– Самуил Ермолаевич, да подумай, на что тебе это? Согласись! Зачем себе жизнь ломать?
– Да на что мне та жизнь? – священник вздохнул. У него был мягкий акающий говор, что-то напевное, подумал деревенский староста. Да и «что» иерей произносил со звонким «ч».
Деревня Мары была обычной, не лучше и не хуже, чем другие деревни и села Московской области. Душ насчитывалось с полторы тысячи. Дома добротные стояли широкими улицами, везде носились чумазые ребятишки наперегонки с рябенькими курицами, в тенистых садиках прогуливались с грудничками молодые мамаши и совсем дряхлые старухи, уже более ни для чего не годные. Жизнь шла своим чередом. Пару лет назад из Рязанской губернии перевели их в разряд района, для каких таких нужд, никто так понять и не смог.
Однако голодные годы позади, все как будто бы налаживается. В деревне активно функционирует колхоз «Передовик», где трудится почти все взрослое население Мар и соседних поселений.
– Отстань, Володенька, мне надо жену похоронить, отмучилась она. А ты тут с указивками ко мне.
Староста кивнул. Понимал, что сейчас не сдвинуть ни в какую сторону Самуила Ермолаевича. Большое горе, хоть и мучилась его София, долго мучилась.
Самуил прикрыл рукой глаза, переносясь мыслями в свое детство – в крошечную деревню где-то на реке Индигирка, в короткое северное лето 1874 года. Как будто ему не полагается помнить свое сиротское безрадостное существование в дому какого-то дальнего родственника с пихрой детей, помиравших чуть ли не каждые полгода, но он помнил.
Бурная мимель[1] проносит мимо него прошлогодние листья, смываемые с крутых берегов, ветки, мелкую рыбешку, резвящуюся на неласковом солнце, да всю его жизнь проносит, не замирает ни на минуточку.
Хочется поймать за хвост это юркое время, да не дается оно, каждый раз выскальзывает из детских ладошек, из взрослых и старческих ладоней, манит неверным мерцанием.
Он не знал, когда и как умерла его мать, где сгинул отец, сколько себя помнил, он жил в доме крикливой тетки и никогда не бывающего дома дядьки. Их дети относились к нему, как и друг к другу, – с обычным детским безразличием, которое сменялось интересом только в моменты игр и бурных драк за самый вкусный кусочек оленины и ледяной рыбной строганины. Особого тепла эти дети не видели ни от кого – ни от собственной матери, ни от малочисленных соседей, разве что священник старался быть ласковым со своей паствой, да и то, похоже, чтобы не разбежались обратно к своим капищам.
Вдруг его трогает за плечо высокий, странно одетый мужчина, не из здешних – с серыми, тусклыми глазами в пол-лица, как будто эти глаза его пожирали, вбирали в себя, грозясь уничтожить:
– Мальчик, здравствуй! Ты понимаешь христианский язык?
Самуил кивнул, задумался – а ведь и верно, христианский, так и батюшка Алелекэ, Алексий, значит, и говорит: «Молвите слова христианские, а не тарабарщину языческую», хотя от имени Алелекэ так и не отрекся, радуется, когда к нему так.
– Значит, понимаешь? Но не говоришь? Немтырь?
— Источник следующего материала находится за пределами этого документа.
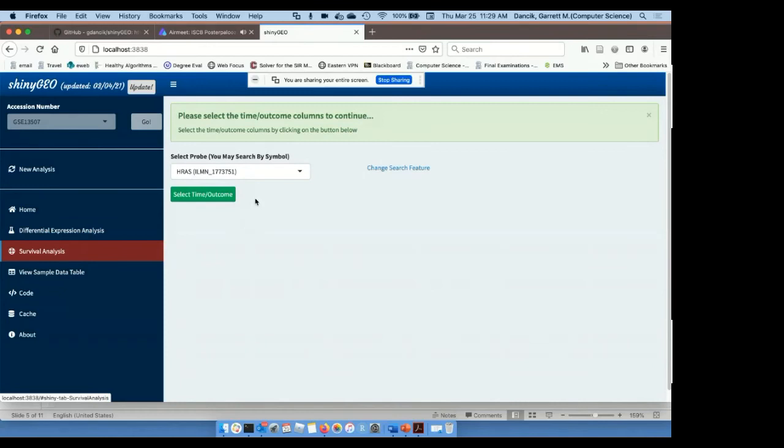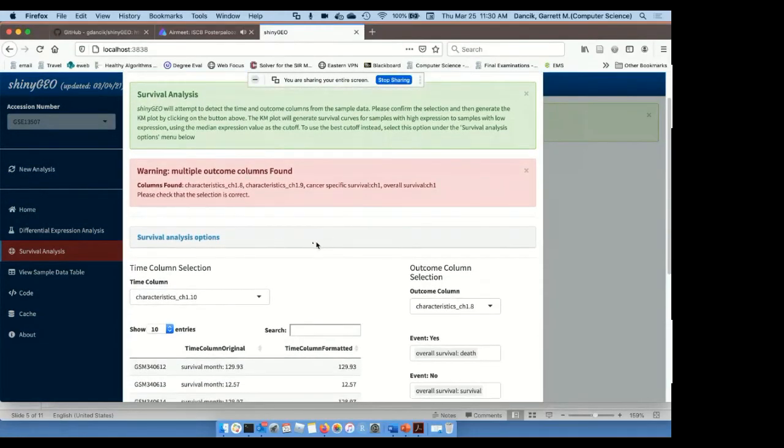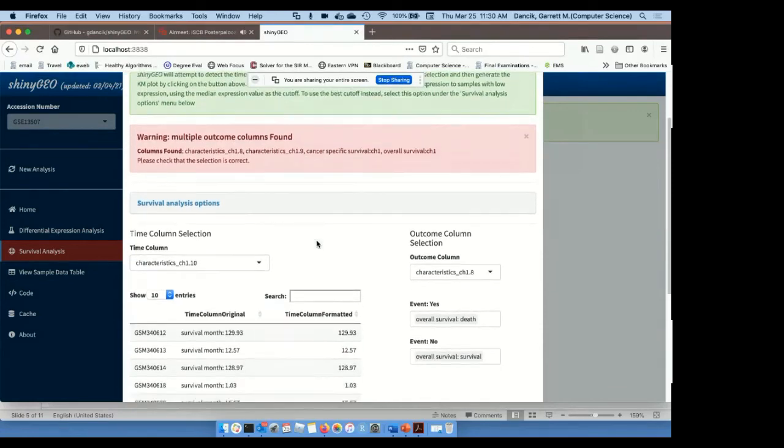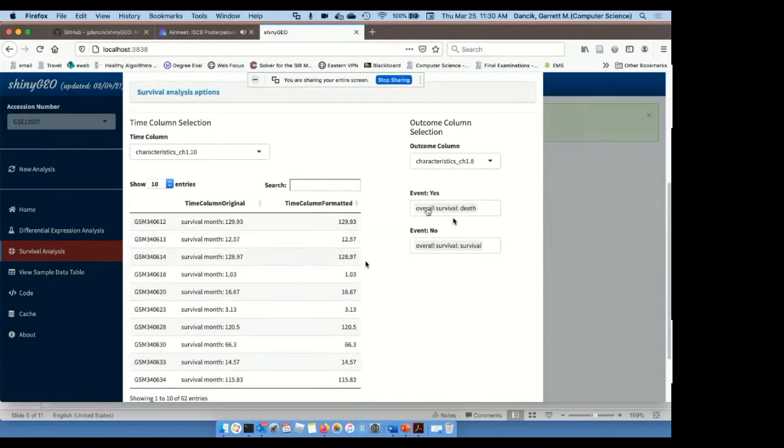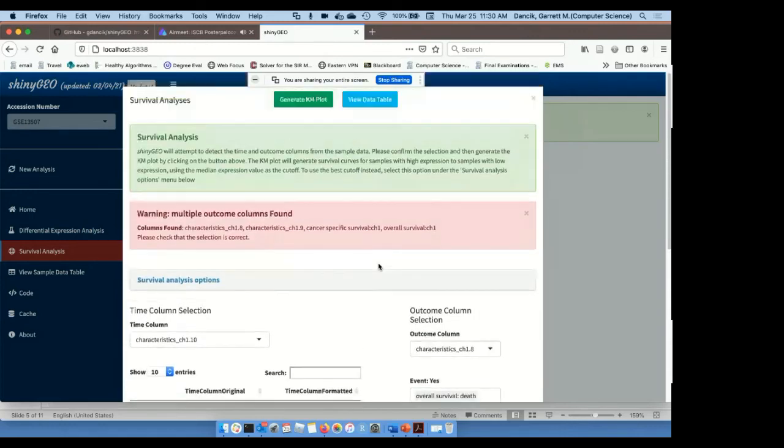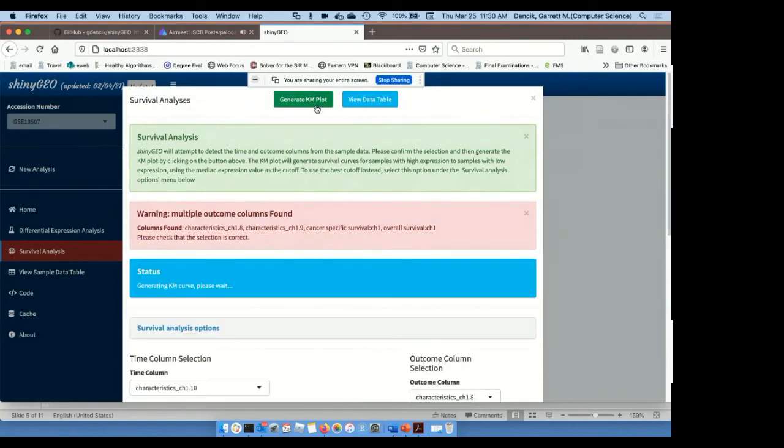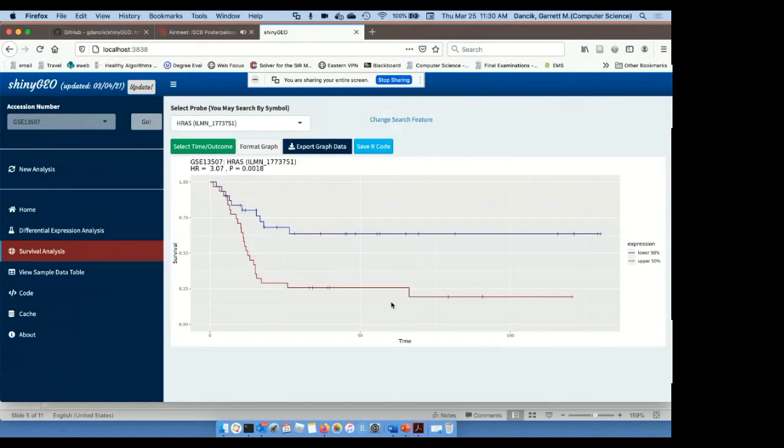I then go to survival analysis, select the gene, which is already selected, and then need to select the time and outcome columns that have the time to event information as well as the event information. ShinyGeo will try to auto detect the columns and identify the columns that contain the relevant information. And in this case, it does that correctly. This specific column 1.8 contains the event. The yes event is death. In this case, the non event is survival. And then the time column is also detected correctly, and is also formatted to just be converted to a numeric value. When I'm happy with that, I can click generate Kaplan-Meier plot. And that will generate the Kaplan-Meier curve.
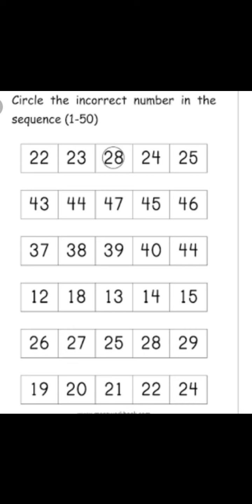Look here in the first line. First line me dekho: 22, 23, 28, 24, 25. You know the counting of 20s, yes. Say the counting: 22, 23, 23 ke baad kya aata hai? 28? No, it's an incorrect number.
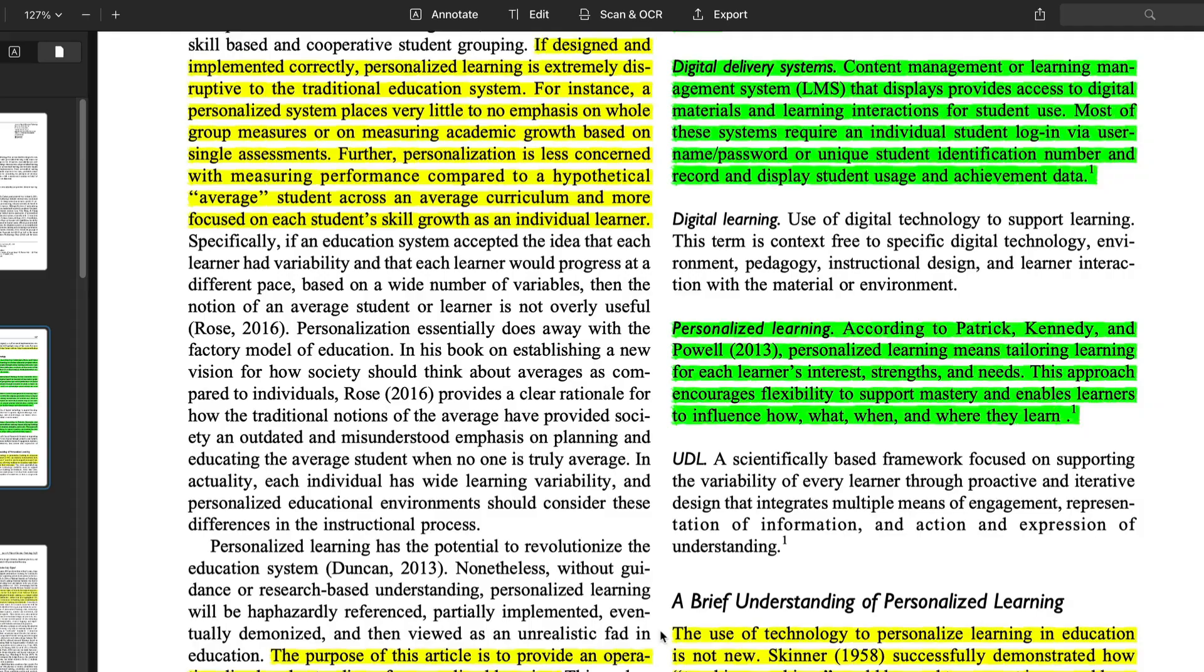Are you still working primarily from highlights or notes in the articles and books you read? Are you looking for systems and approaches to organize, connect, and synthesize across all the notes you take to support your work and projects?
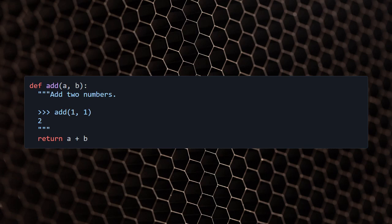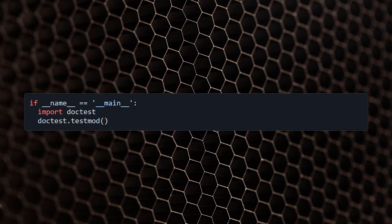The doctest module then runs the test based on the snippet provided in the docstring. You can see the code on the screen. To run doctest, add the following code snippet to the test file and run the test file as a script.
Мальчик покачал головой, не решаясь что-либо ответить.
– Как с тобою сложно! Отведи меня к вашему старосте, голове, как у вас здесь это называется?
И мальчик повел нетерпеливого офицера к батюшке Алелекэ, в куцую деревянную церковь с покосившейся папертью – как раз закончилась заутреня, когда Самуил пришел к Индигирке ловить время. Сдобный, весь колышущийся священник теперь уже, наверное, обедал с дряхлым дьячком и певчими в маленьком сарайчике позади церкви, называемом трапезной.
А в глубине той храмушки грозными, почему-то карими очами всех встречал Христос. Не спасения обещали те глаза, а огнь и мещ. Зато пели там чу́дно – матушка Олимпиада, жена батюшки Алелекэ, грудным густым почти басом всегда дотягивала вкусные аллилуйи и угощала то сушеной кислой клюквой, то кусочками просфорок, сбрызнутых сладким красным вином; и чахоточная Анка тоненьким своим дрожащим голосочком вторила иерихонской трубе Олимпиады – приблудыш из какой-то соседней деревни, без роду-племени, блажная.